> EXERCISE AIM
Repeat the records below exactly from the line containing "The bomb is" to the line containing "Welcome back to", taking in both of those lines. Drop the pictures.

> DATASET EXCERPTS
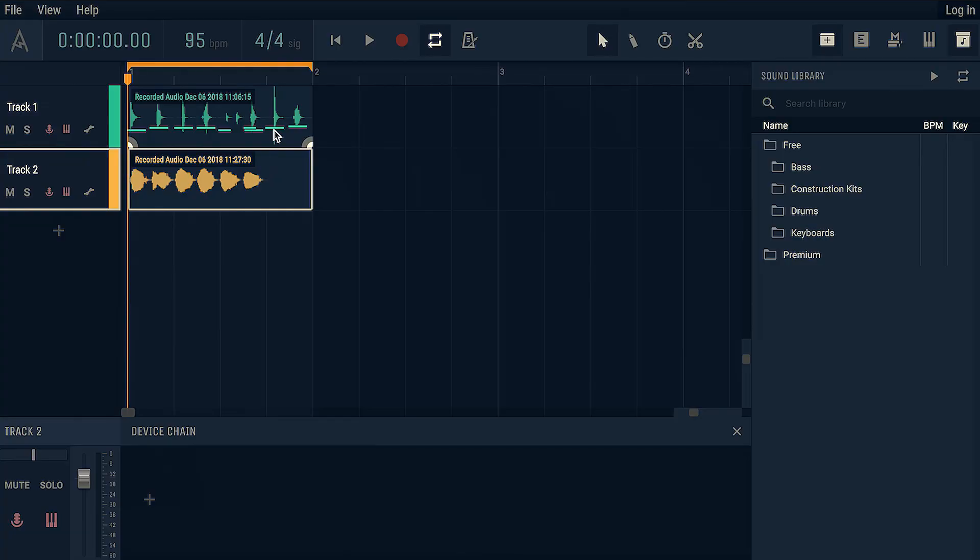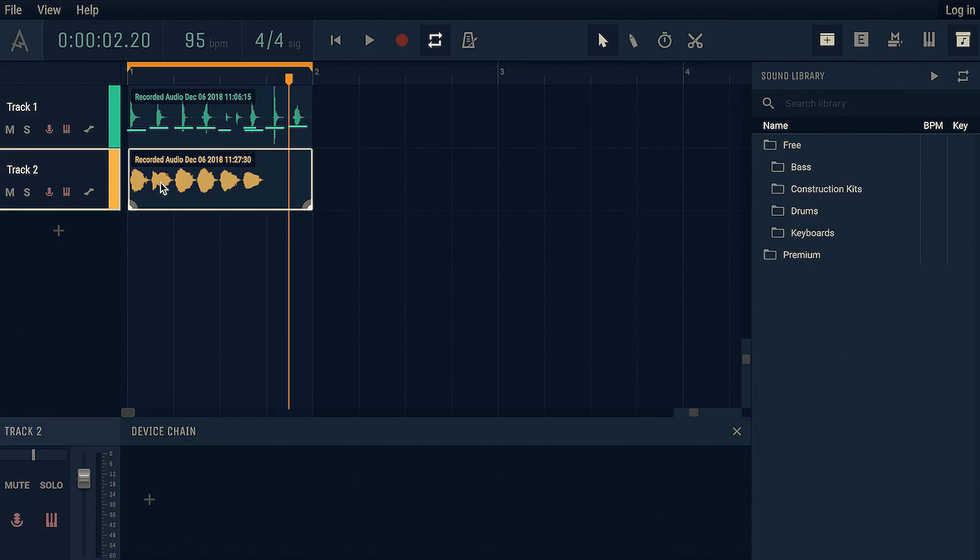Now we're going to add a second track and we're going to use the hum function. Watch me flex my hum chops. Let's have a little listen and see how this sounds. Not rubbish, actually. It's a stretch to say it's tuneful — it is kind of recognizably an attempt at music. So we're going to try and turn this into something a bit more tuneful. Right-click on the region and then detect hum this time.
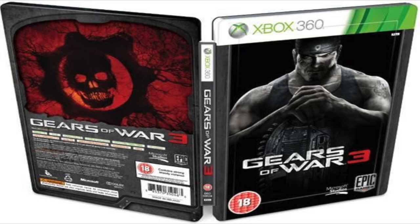Anyways, that's besides the point. The front cover features the main character, Marcus Fenix, posing with his Lancer weapon from a pitch dark background. The back cover also features a huge Gears of War 3 red and black insignia on the top half and a bunch of product details on the bottom half.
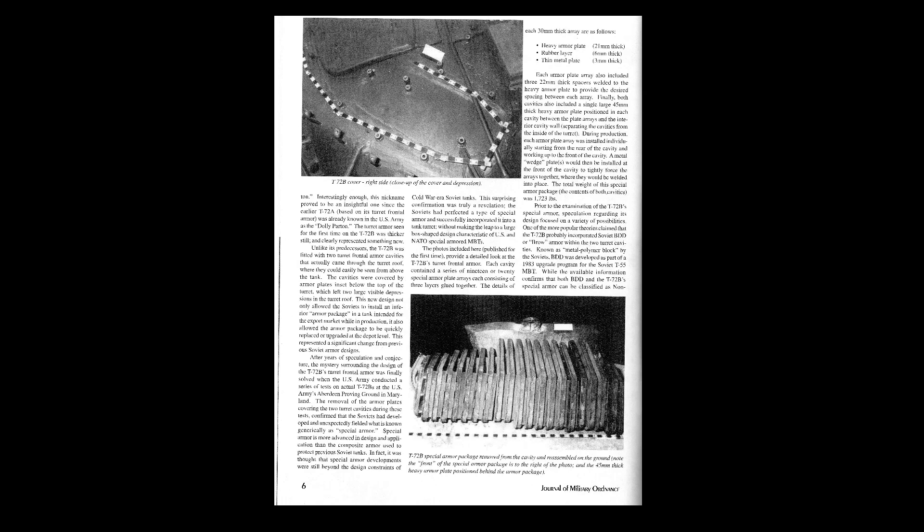Each single NERA layer is made from three smaller layers: a 21mm thick steel faceplate, a 6mm thick reactive layer made from rubber, and a 3mm thick steel plate. This 3mm steel plate is the one that moves. At the moment we can be almost 100% certain that the turret armor array was not changed in design during the course of production.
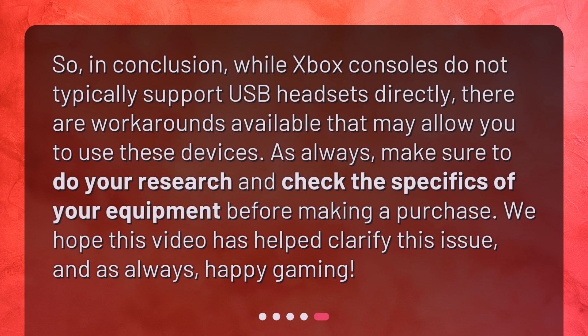In conclusion, while Xbox consoles do not typically support USB headsets directly, there are workarounds available that may allow you to use these devices. As always, make sure to do your research and check the specifics of your equipment before making a purchase. We hope this video has helped clarify this issue, and as always, happy gaming!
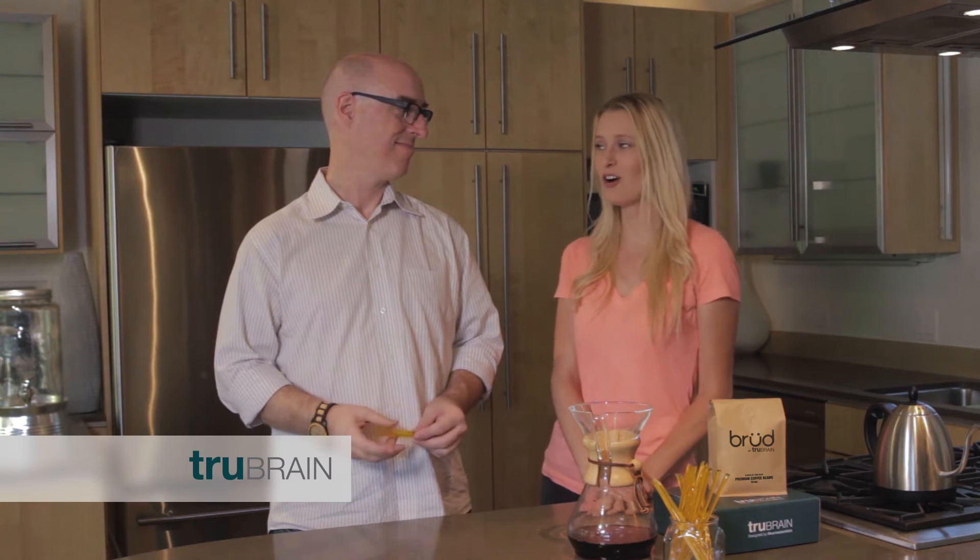Coffee has been the same for centuries. So, how could we improve it now? Well, let's talk about coffee and focus.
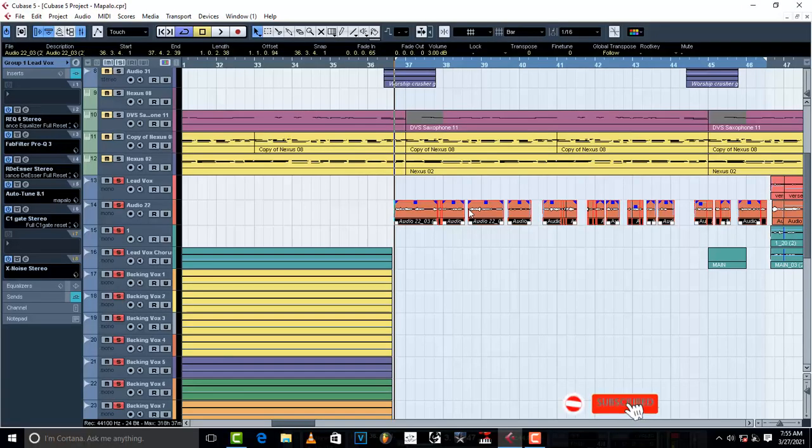Hello, welcome to Pro Mixing and Mastering. Today I want to show you four compression tricks to get smooth, silky vocals. This is how this vocal sounds like before any compression takes place.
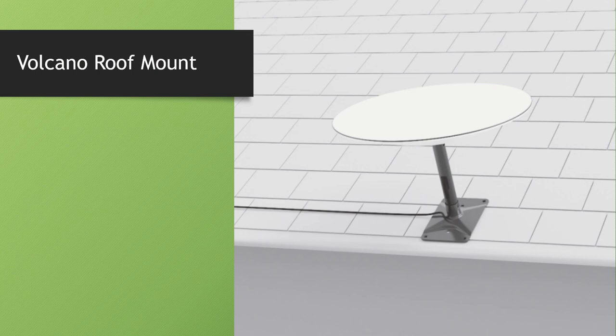The next biggest option is the volcano roof mount, which is $24, making it the cheaper option from Starlink. The base is extremely strong and feels like hard anodized aluminum. It's great for flatter type roofs — it does say you have to be within 40 degrees of vertical, so if your roof is pitched too high, you'll need one of the other options.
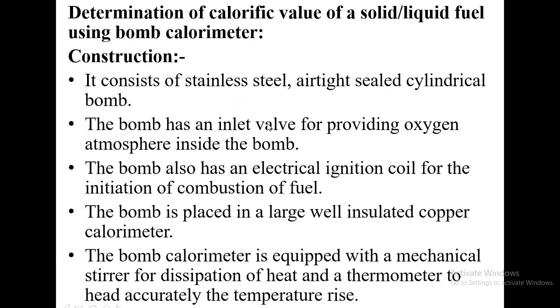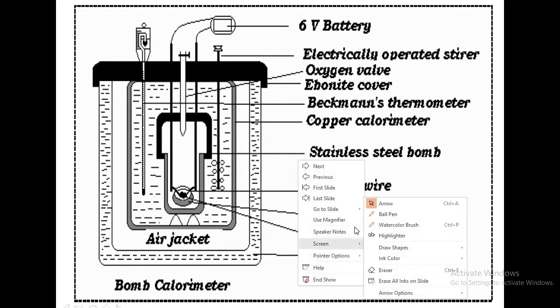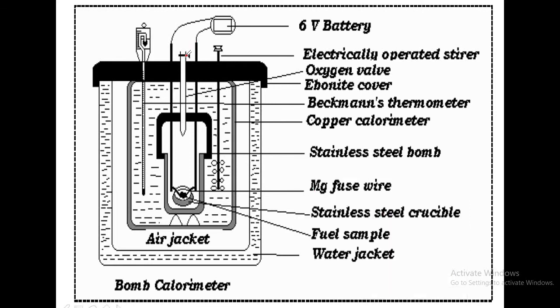The bomb is a stainless steel vessel, cylindrical in shape, and airtight. In the picture, this is the stainless steel vessel called the bomb. The bomb has an inlet valve for providing oxygen atmosphere inside the bomb. It also has an electrical ignition coil — these are the two electrodes.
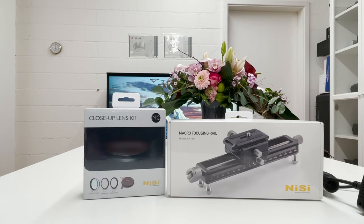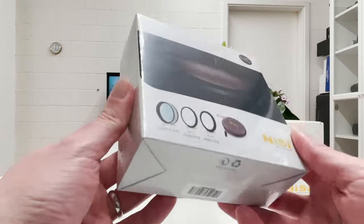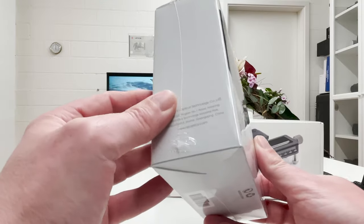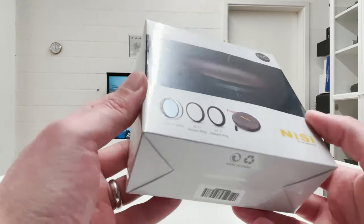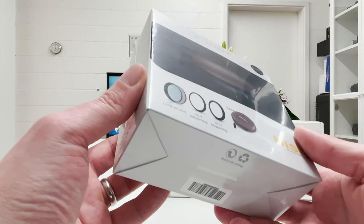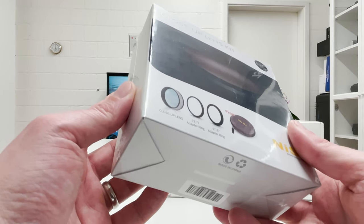Welcome back to my channel. Today we are going to have a lot of fun. In front of me are two packages. The first one is still fully sealed — I wanted to open it live in front of the camera. It's a close-up lens kit from Nisi, which is very interesting because typically macro lenses cost a fortune.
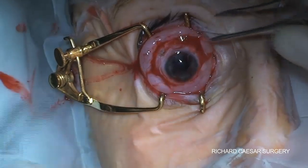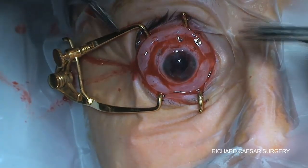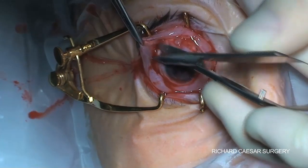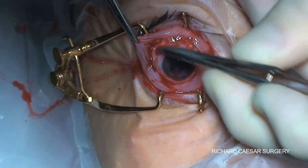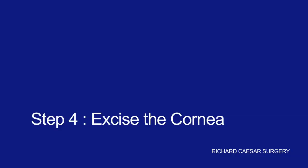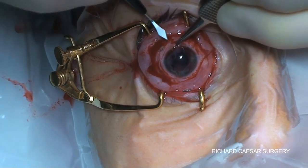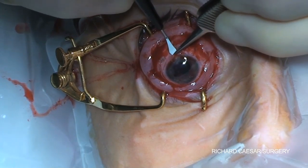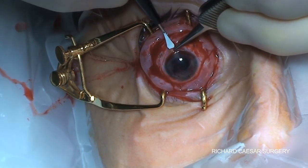At the end of this stage you want to have the feeling that both your conjunctiva and subtenons layers are going to be quite mobile as you close the sclera. The next step is to excise the cornea and you need to make sure that you come right to the edge of any residual adherent conjunctiva — this can't be left behind.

> RESULT
The bomb is a stainless steel vessel, cylindrical in shape, and airtight. In the picture, this is the stainless steel vessel called the bomb. The bomb has an inlet valve for providing oxygen atmosphere inside the bomb. It also has an electrical ignition coil — these are the two electrodes.
Welcome back to my channel. Today we are going to have a lot of fun. In front of me are two packages. The first one is still fully sealed — I wanted to open it live in front of the camera. It's a close-up lens kit from Nisi, which is very interesting because typically macro lenses cost a fortune.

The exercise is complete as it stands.